As a supervisor, Anita’s pay has already risen to £6.76 an hour, around £14,000 a year. She has been earmarked for an assistant store manager role, which starts at £17,000. The store manager, Justina Marciulionyte, is from Lithuania. Her pay scale runs from £22,000 to £30,000. So why should her staff be asked to work free – even if their labour is classified as work experience?

“Cait Reilly has a case,” says John Houghton, the regional manager despatched to the store from Northampton (because I am here for The Independent, he openly admits). A highly amenable Brummie who didn’t go to university and spent 20 years at Sainsburys, he joined Poundland two years ago. “A graduate has different qualifications. We gave these people a work trial, an opportunity to see if it worked for them. We’re an expanding company; not many are. We entered it to try and find suitable colleagues.”

The furore around Ms Reilly is a little unfair. Poundland entered a government scheme in good faith, then pulled out of it more than a year ago, at the same time as Tesco and a number of others, and has since taken a reputational hit on the government’s behalf.

Mr Houghton is proud of the Deptford store. “There’s an opportunity for flare,” he says. “There’s your four-foot bay. There’s your toothpaste. Have a bit of creativity.”

But in the current prolonged downturn, does the “on your bike” work ethic channelled by Iain Duncan Smith really offer young Britons the chance to climb the ladder and build a fulfilling career?

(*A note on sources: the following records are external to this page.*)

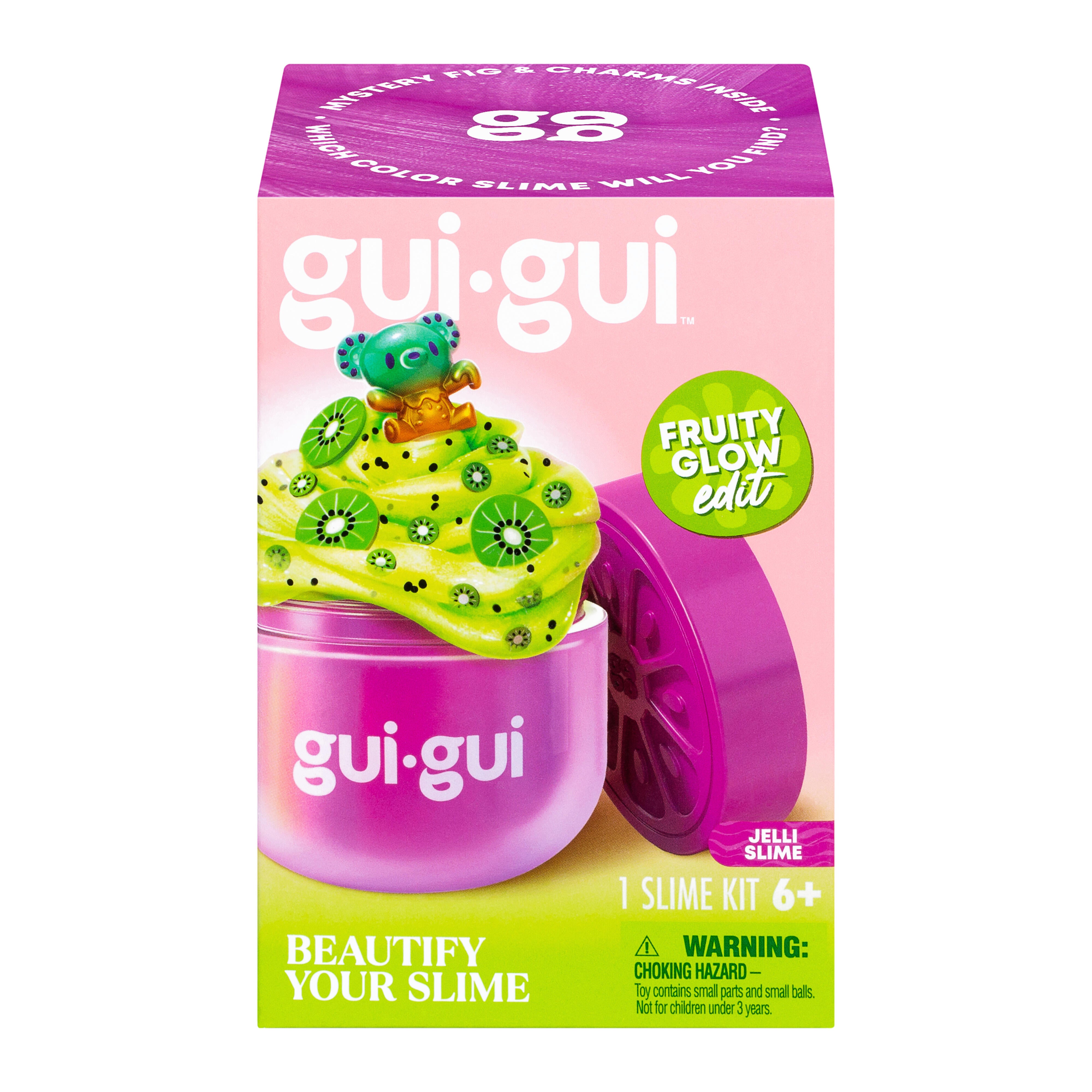 Gui Gui Fruity Glow Single Pack : Beautify Your Slime Assortment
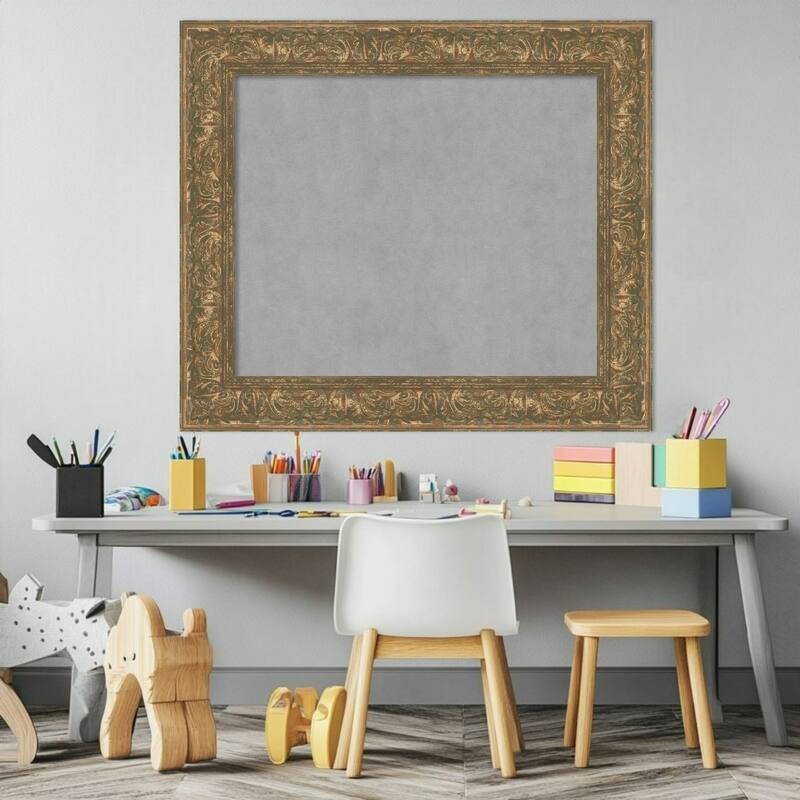 Amanti Art Luxe Black Framed
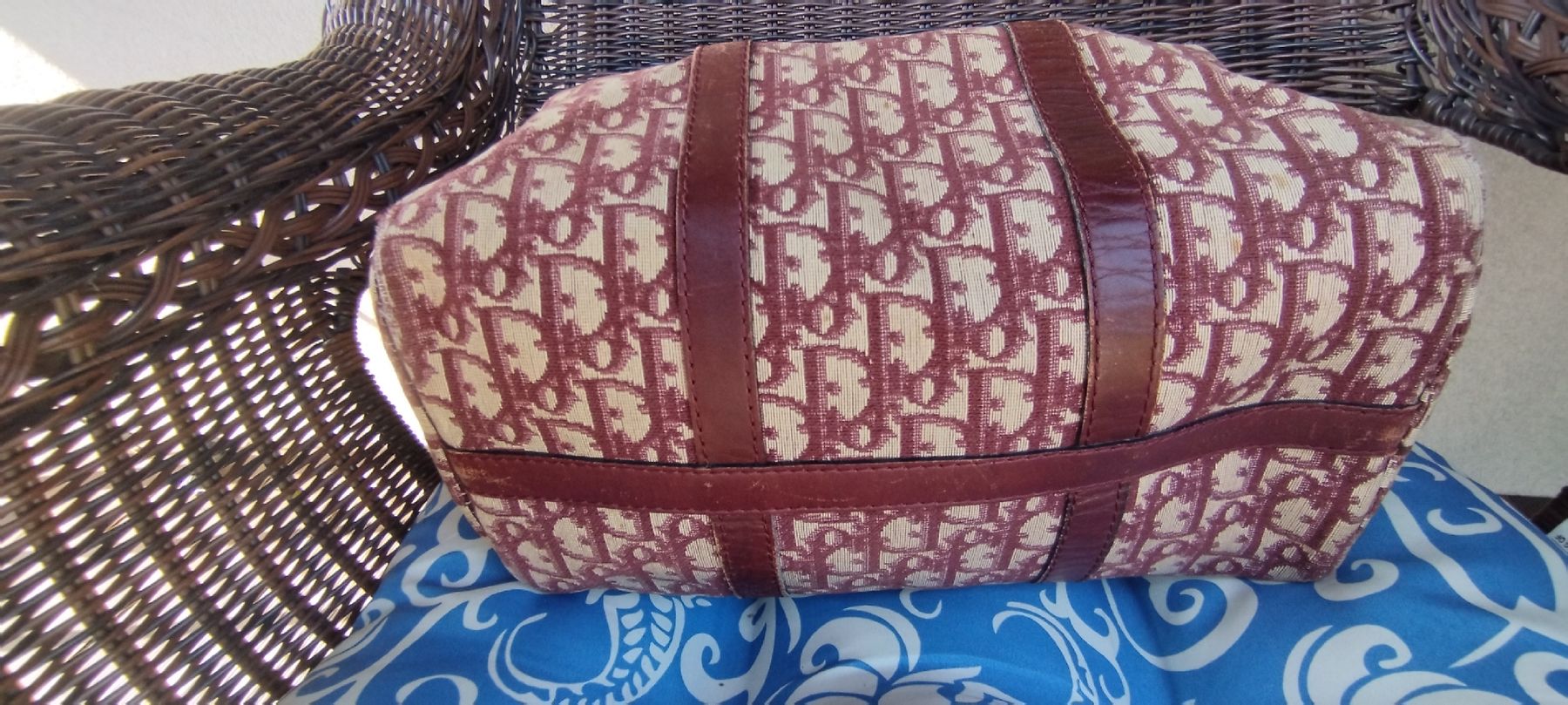 Dior Borse: Dior Boston trotter bag – Usato da Silvaplana venduto da gin_h6nz 8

Poundland was sold in 2010 for £200m to the American private equity firm Warburg Pincus, for whom it constitutes a relatively tiny part of a £20bn portfolio. One imagines that Anita could shift the entire Amazon rainforest in the form of Valentine’s Cards and she still wouldn’t get through the firm’s revolving doors on Lexington Avenue in Manhattan.

£1 for everything: how it evolved

Since Poundland opened its doors in December 1990 in Burton-on-Trent it has sold the same category of products. Its range now includes more than 3,000 items, among them fresh foods, household essentials and clothing as well as seasonal items, CDs, DVDs and even camping equipment, all for £1.

Some of the products, however, have had to shrink in size to meet the demands of inflation. Warburton loaves of bread in Poundland are 600g rather than the 800g standard issue, while a multi-pack of Quavers sold in 2007 contained 10 bags, but now contains just five. Poundland works with most of the big food companies, including Cadbury, Walkers and Nestlé, who supply discount packs. It has also introduced “phantom brands”, such as Tool Box and Fenback Farm, to save customers from the perceived stigma of the Poundland label.